Чехова нам привозит Петер Штайн. Замечательный режиссер. Настоящий добротный немецкий театр. Без обмана.

А нам надо – с обманом. Наш театр, наша любовь – иллюзия.

У Штайна все подлинное. Как в этнографическом музее. Экспозиция «Русская усадьба XIX века. Быт и нравы».

Как настоящая! – говорят милые люди, родившиеся между XVII и XXVII съездами КПСС. Как у Станиславского! – говорят знатоки театральных учебников.

МXАТ в Камергерском брали с боем. Давка, милиция, студенты по крышам из Школы-студии…

Во-первых – знаменитость. Во-вторых – престижно. В-третьих – что такое тысяча мест на десятимиллионный город? А в городе сотня театров, тысячи актеров, тысячи театральных студентов, критиков, десятки тысяч театралов. Все хотят увидеть «как надо». И – только два вечера.

А началось – и заскучали. Потому что по-немецки? Нет. Потому что про русских.

Вечная ошибка западных постановщиков Чехова – ставить спектакль про русских. Таких, какими они себе их представляют.

Мы себя в этих немецких русских не узнаем. Широкий жест, чуть что – вприсядку; из-за кулис доносится (по-русски!) – «во поле береза стояла» (спасибо не «Катюша»). И вот Симеонов-Пищик смачно прихватывает Варю за мягкое место. Бородатый пузатый ухарь-купец.

Погодите! Симеонов-Пищик – дворянин. Варя – дочь (хоть и приемная) аристократки Раневской. И не кабак, и не бордель, а дворянская усадьба. И не Островский, а Чехов. Не быт и нравы, не сапоги с блинами, не Дикой с Кабанихою. И не по-отечески шлепнул, а именно прихватил.

…Честно страдают, старательно плачут. Настоящая мелодрама. Но у Чехова – комедия! Высокий жанр.

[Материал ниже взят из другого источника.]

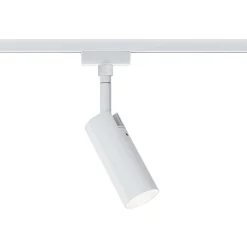 Paulmann URail Tubo LED-spotti, valkoinen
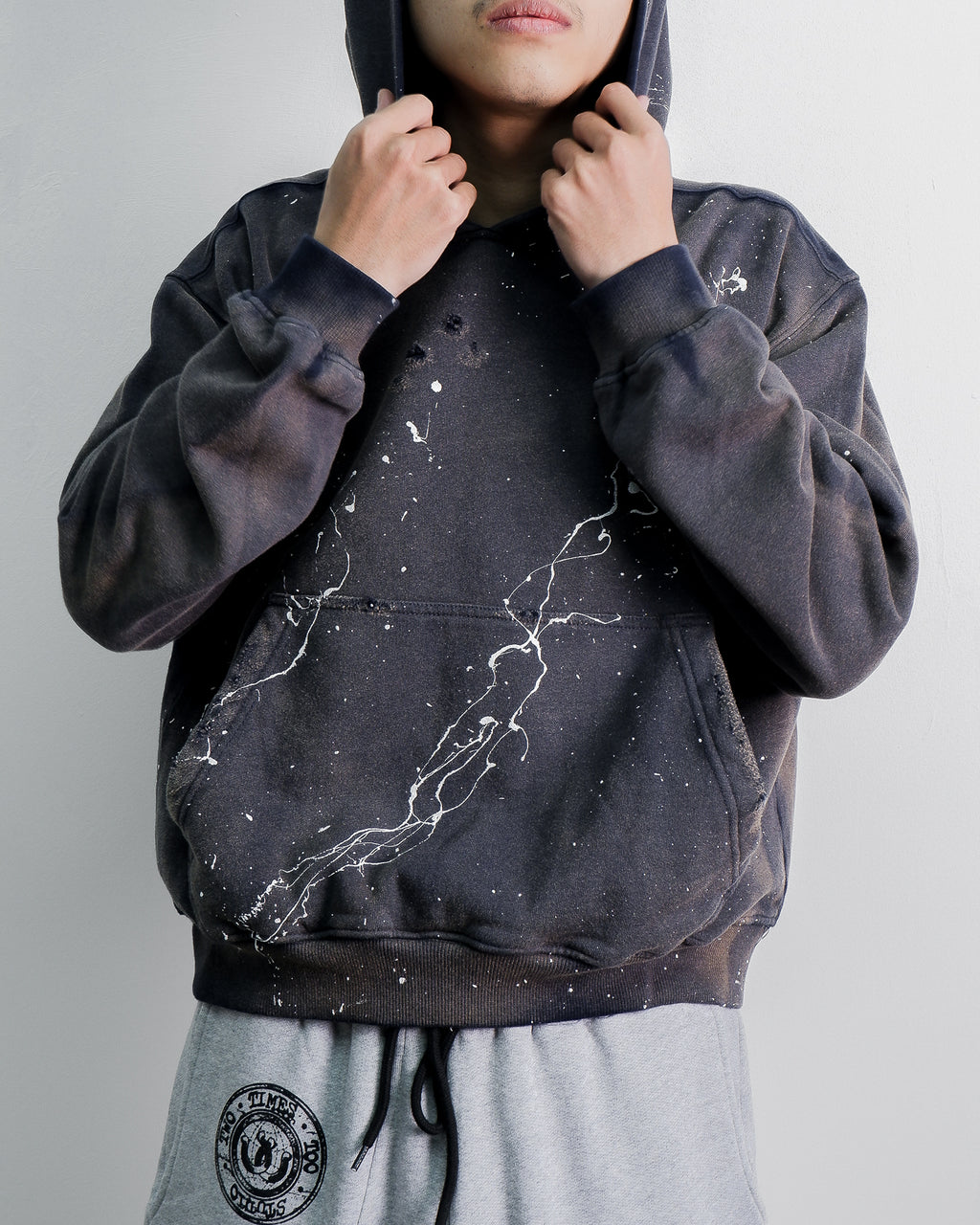 Splattered Hoodie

Гаев – благороден. Недалек, болтлив, лакомка, неженка – но благороден. С хамами – высокомерен, брезглив (но с хамами, а не с рабами). А этот немецкий… На сцене темновато, и его все время путаешь с Яшей-лакеем. Настоящий Гаев немецкому Гаеву сказал бы свое вечное: «Отойди, любезный, от тебя курицей пахнет». Но, конечно, не в лоб, а так, в сторону, как бы ни к кому не обращаясь.

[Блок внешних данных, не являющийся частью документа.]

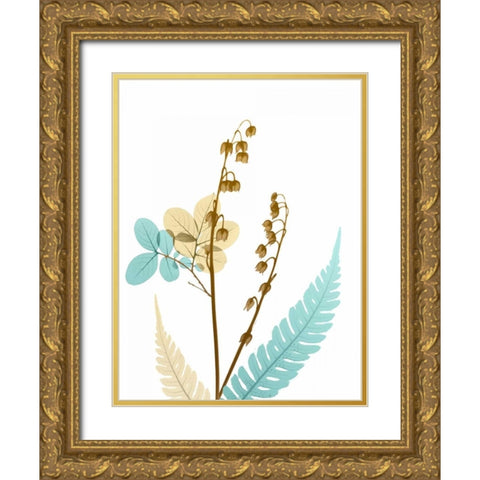 Desert Bloom 4 Gold Ornate Wood Framed Art Print with Double Matting by Koetsier, Albert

(Что ж, и немцы, и американцы тоже не узнают себя в наших фильмах из ихней жизни.)

На сцене плачут и смеются. В зале – покой. Один раз Штайн сорвал аплодисменты. Когда распахнулись окна – а там восход и цветущая сакура. Но ежели аплодисменты заслужила декорация – значит, живые актеры проиграли мертвой бутафории.

Ставить надо о себе. Не о каких-то загадочных русских XIX века, а о себе. Тогда, может, и заболит. Тогда, может, чего-нибудь и выйдет.

Огромная массовка. Самый густонаселенный «Вишневый сад» (садовники, судомойки) из двадцати с лишним виденных постановок. Масса реквизита. Но по пьесе надо ставить спектакль, а не роман с подробностями пейзажа и интерьеров.

Штайна – некоторые искренне – называют вторым воплощением Станиславского. Но Станиславский от гиперреализма (кваканья лягушек, звона сверчков) ушел и не вернулся. Театр – парящая душа. А натурализм, как гиря, тянет в болото.

Спектакль Штайна мастерский, замечательный, но скучный. В нем все предсказуемо. Сразу видно, кто как будет себя вести. А герои Чехова ужасно нелогичны. И этим смешны. И этим трогательны.

Штайну было вольготно работать. Ему в Берлине не приходится думать, как превзойти десятки блестящих открытий, сделанных нашими режиссерами в пьесах Чехова. Штайну не мешали такие страшные конкуренты, как Эфрос, Някрошюс, такие глубокие и странные, как Погребничко…

Благополучный, сытый театр. А нянька в «Трех сестрах» верно говорит: «От сытости не заиграешь».

Немножко жаль нашу публику, которая не хочет любоваться луной, ежели она сделана не в Гамбурге. Но и китайский император предпочитал заводного импортного соловья.

А Штайн талантлив. И в финале он нашел блестящий ход! Господа уехали, человека забыли, дом заперт. Фирс умирает. За кулисами стучат топоры – самый шаблонный звук для последней сцены. По приказу Лопахина рубят вишневый сад, краше которого нет ничего на свете.

Вдруг с грохотом и звоном проламывается окно, сыплются осколки. И в проломе – огромный корявый черный сук. Это, видать, наши мужички, выпив на проводах, неудачно свалили старую вишню. Ствол вломился в окно, разрушил порядок. Дрогнула публика, сжались сердца. И саду не быть, и дому не быть. Русский финал. Браво, немец!

Это по-чеховски. Чехов тоже нашел блестящий пугающий ход для своего финала. Взял и сказал: «Ich sterbe!»

Зачем русский писатель последние в жизни слова сказал по-немецки? Загадка. Такая же, как его комедии.